Les surfaces emblavées sont est l’un des leviers mais il y a aussi le forçage. « Je sais que ma production dure 21 jours, selon la demande de la coopérative, chaque semaine, j’estime le nombre de racines à mettre en production. » Cet endivier reste également redevable de différents acteurs. En premier lieu, sa coopérative où il vend ses endives. Adhérente à la marque Perle du Nord, l’association a beaucoup travaillé sur le goût de l’endive et son packaging. Des animations commerciales sont souvent mises en place pour attirer le client.
Le collectif pour affronter les crises
Les emballages d’endives ont d’ailleurs été sur la sellette. La loi sur les emballages de moins d’1,5 kg concernait les endives. Or, ce légume fragile, qui demande un emballage spécifique, a réussi à être exempté de cette loi. Un souci en moins pour les endiviers.

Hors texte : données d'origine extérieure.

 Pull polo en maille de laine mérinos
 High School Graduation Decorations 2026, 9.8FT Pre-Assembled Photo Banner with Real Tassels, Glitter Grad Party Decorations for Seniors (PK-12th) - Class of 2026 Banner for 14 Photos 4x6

Le collectif, une valeur encrée dans cette endiverie. Daniel Bouquillon fait partie des rares cuma équipées de matériel pour la production d’endives. Matériel de semis, de binage, d’arrachage, mais aussi de déterrage et de conservation en frigo des racines, sont mutualisés avec sept producteurs qui représentent moins d’une centaine d’hectares. « Sans la cuma, mon fils ne pourrait pas reprendre certes, mais je n’aurai pas pu faire face aux crises que nous avons vécu, reconnaît l’agriculteur aussi président de la cuma Endicourt. Il y a 20 ans, nous étions 3 000 endiviers, nous ne sommes plus que 150. Sans l’entraide et les charges de mécanisation diminuées, je ne produirais plus d’endives. »
Malgré tout, l’agriculteur croit en l’endive . « En 2024, nous aurons deux solutions de désherbage et de fongicide en moins, estime-t-il. Avec de plus en plus de difficultés à trouver des bras et des coûts de production en hausse, nous allons vers la décroissance verte. Mais on en a connu des difficultés et l’agriculture a toujours relevé les challenges, mais il faut reconnaître qu’ils sont de plus en plus grands. On a perdu le charbon, ne perdons pas le chicon ! », s’amuse-t-il a répéter.